2022年6月3日付バルセロナ県地方裁判所判決(案件番号ECLI: ES: APB: 2022: 5915)は、区分所有制度の下で構成される建物の最上階部1号室の所有者が、建物の屋根と当該屋根裏部屋の屋根スラブの間の空間を屋根裏部屋または屋根裏の物置として排他的に使用しようとした事例を分析したものである。

第一審判決では、区分所有者管理組合の訴えを一部支持し、被告所有者に対し、管理組合総会の決議を尊重し、屋根の改修工事の工事請負業者が共用部分アクセスを可能とするように命じた。

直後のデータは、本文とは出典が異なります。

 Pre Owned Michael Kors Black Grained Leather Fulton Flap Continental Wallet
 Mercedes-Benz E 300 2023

法的根拠において、バルセロナ県地方裁判所は以下の問題を分析した。

A. 該当スペースの法的資格

B. 共用部分の専有的使用を行う区分所有者への管理組合の受動性(黙認について)

C. 決議事項の採択と過半数要件

D. 権利の乱用

A. 第1の問題に関しては、まず、屋根は共用部分を構成する、と決定したカタルーニャ州民法第553.41条を分析した。次に、性質的に共用部分とされるスペース(私的要素の使用と享受を確保するために不可欠であり、破棄できない部分)と目的のために共用部分とされるスペース(構成権または所有者管理組合の合意により破棄できる部分)を区別する判例を検討した。

建物の全てを覆う屋根は、区分所有制度の下で、性質的に共用部分を構成する。今回問題となっているスペースも、元来建築要素を構成するもので、区分所有者による専使用を目的には予定されていなかったため、性質的に共用部分を構成すると解釈された。

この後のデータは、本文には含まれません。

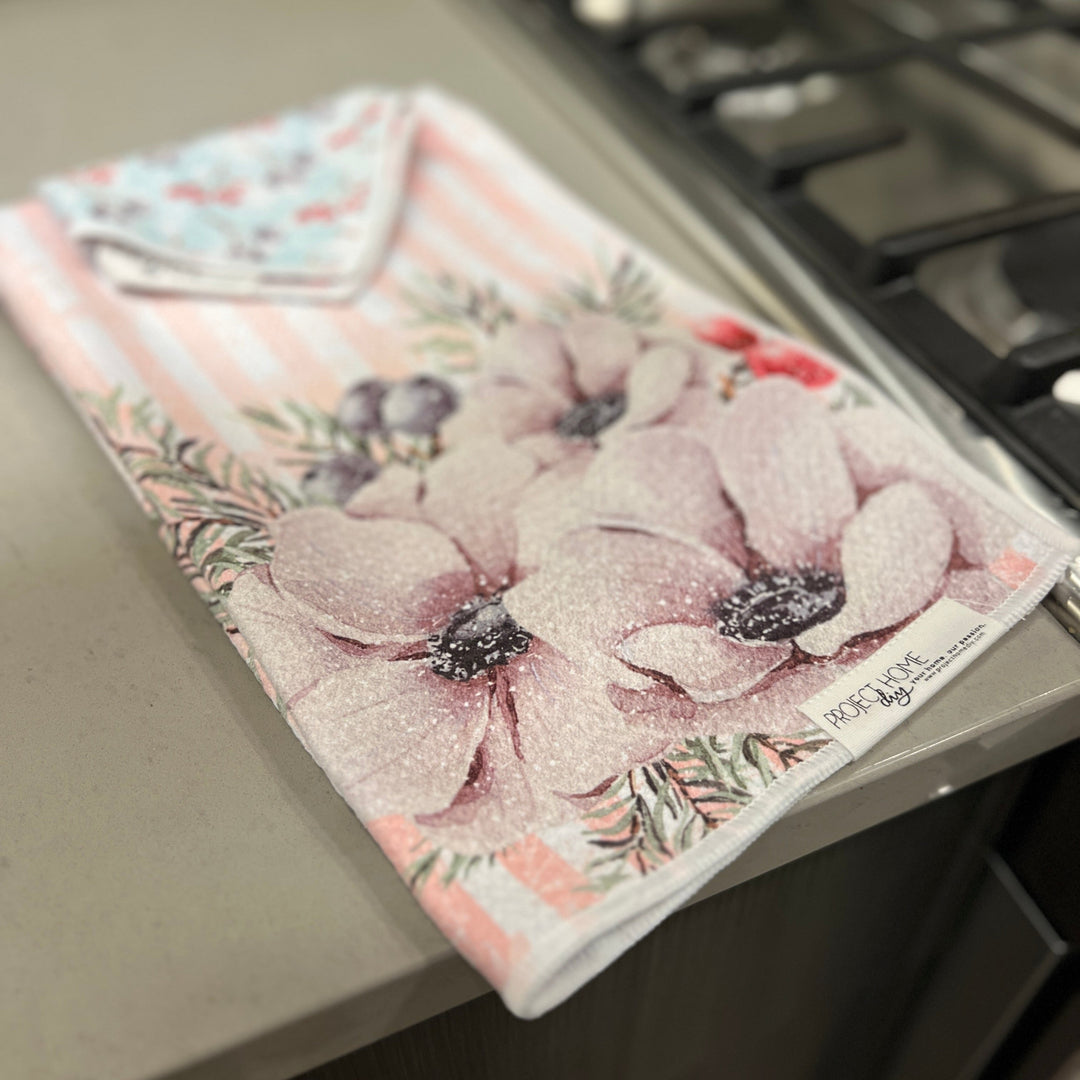 Winterberry | Waffle Weave Microfiber Towels Kitchen & Bath Hand Towels Reversible Hand Towel | Towel Collective | Cody, WY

B. 第2の問題に関しては、カタルーニャ州民法第553-43.1条は、共用部分と一つまたは複数の私的要素を結びつけたスペースの専有使用を、その事実の把握がありながら長期にわたる受動的態度を理由にした所有者管理組合の黙認に基づいては認めないことを立証した。ここでは、2019年7月11日付および2021年3月24日付カタルーニャ州高等裁判所の判決に言及し、共有部分の原状回復を目的とするためには黙認の運用を認めるが、共有部分の専有使用が他の区分所有者の使用権を不当に剥奪する場合にはこれを認めないとした。

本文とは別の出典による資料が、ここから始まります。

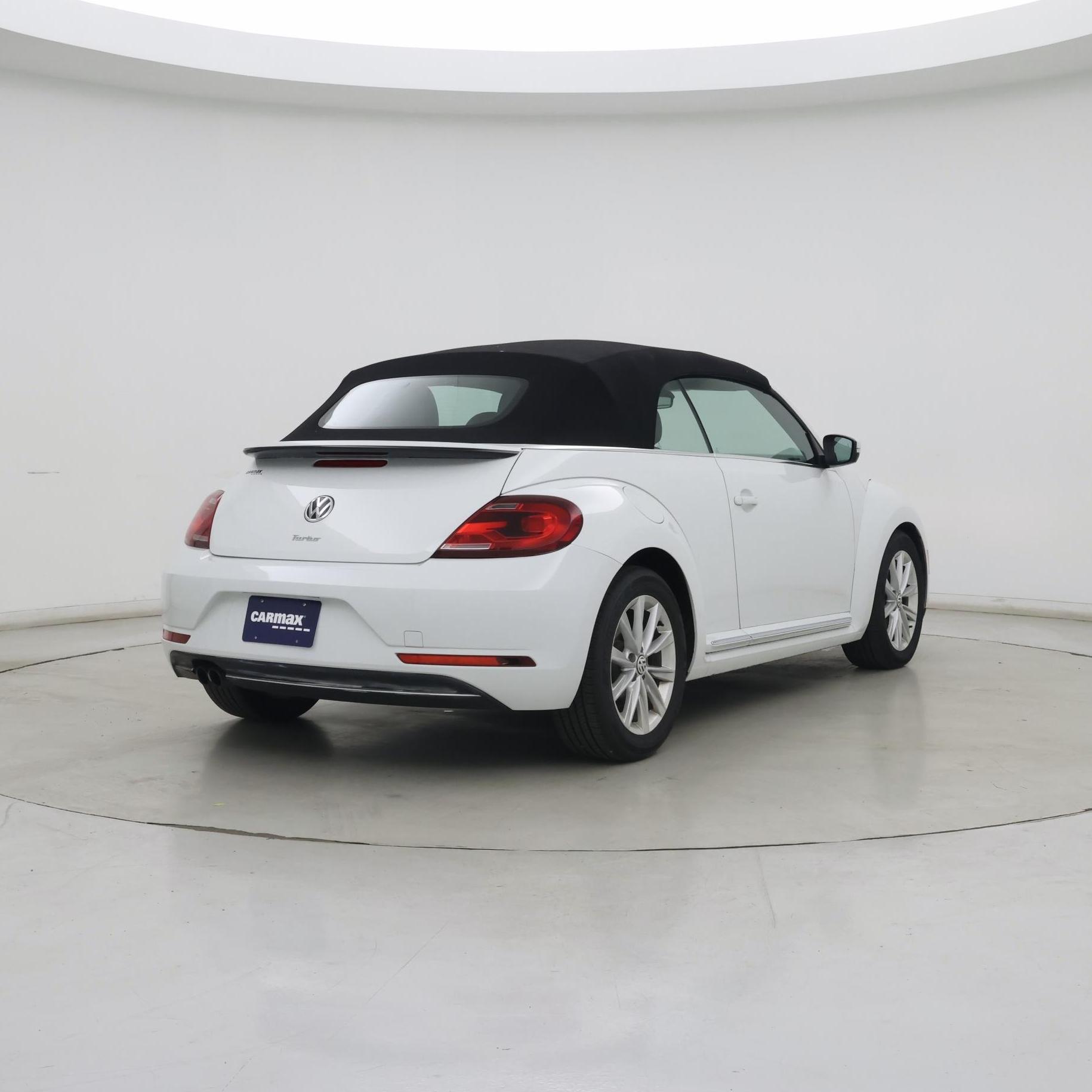Thumbnail: 2019 Volkswagen Beetle - 8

C. 第3の問題については、所有者管理組合総会決議の採択には、満場一致も5分の4の賛成も必要なく、カタルーニャ州民法第553-25.2条b規定に従い、「例えその決議が区分所有者組合の法人格または定款の変更や、構造または外部構成に影響を与える場合でも、居住性、アクセス性、安全性、エネルギーまたは水の効率性のために必要な技術革新であれば」単純多数決でよいとした。

D. 第4の問題については、スペイン民法典第7条2項、及びカタルーニャ州民法第111条7、8項を法的根拠に権利の濫用の法理を説いた。そこでは、

「上辺の合法性の保護及び見かけ上の権利行使の下に行動し、公平と善意によって課せられた限界を超えて、第三者や社会に損害を与えた者は責任を負う」とした最高裁判所判決に言及し、以下に挙げるような権利濫用の本質的な要素を強調した。

1)客観的または外形的に適法な権利の行使

2)損害

3)主観的(加害の意図)または客観的(過度または異常な権利行使に起因する損害)に示される、当該損害の不道徳性

同様に、(i) 判例は主観的な側面に焦点を当てており、これが正当な動機に従ったかどうかを知るためには、権利行使者の行動、精神に注視する必要があること、(ii) 制裁が法的教訓によって課されている場合にはこれを主張できないこと、そして(iii) 最後にいかなる場合でも制限的適用でなければならないという点を強調した。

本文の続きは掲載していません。